REQUIREMENT:
Extract every line starting at the line that contains "Anthony Davis wearing Louis Vuitton eyewear" and ending with the final line of the data, inclusive; give only those lines, word for word.

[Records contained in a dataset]
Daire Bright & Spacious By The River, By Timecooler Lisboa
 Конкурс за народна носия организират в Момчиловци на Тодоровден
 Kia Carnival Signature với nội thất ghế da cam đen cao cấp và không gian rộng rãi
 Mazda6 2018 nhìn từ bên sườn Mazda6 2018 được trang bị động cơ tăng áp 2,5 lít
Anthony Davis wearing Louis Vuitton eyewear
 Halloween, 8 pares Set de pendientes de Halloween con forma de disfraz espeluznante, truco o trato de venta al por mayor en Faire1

OUTPUT OF THE TASK:
Anthony Davis wearing Louis Vuitton eyewear
 Halloween, 8 pares Set de pendientes de Halloween con forma de disfraz espeluznante, truco o trato de venta al por mayor en Faire1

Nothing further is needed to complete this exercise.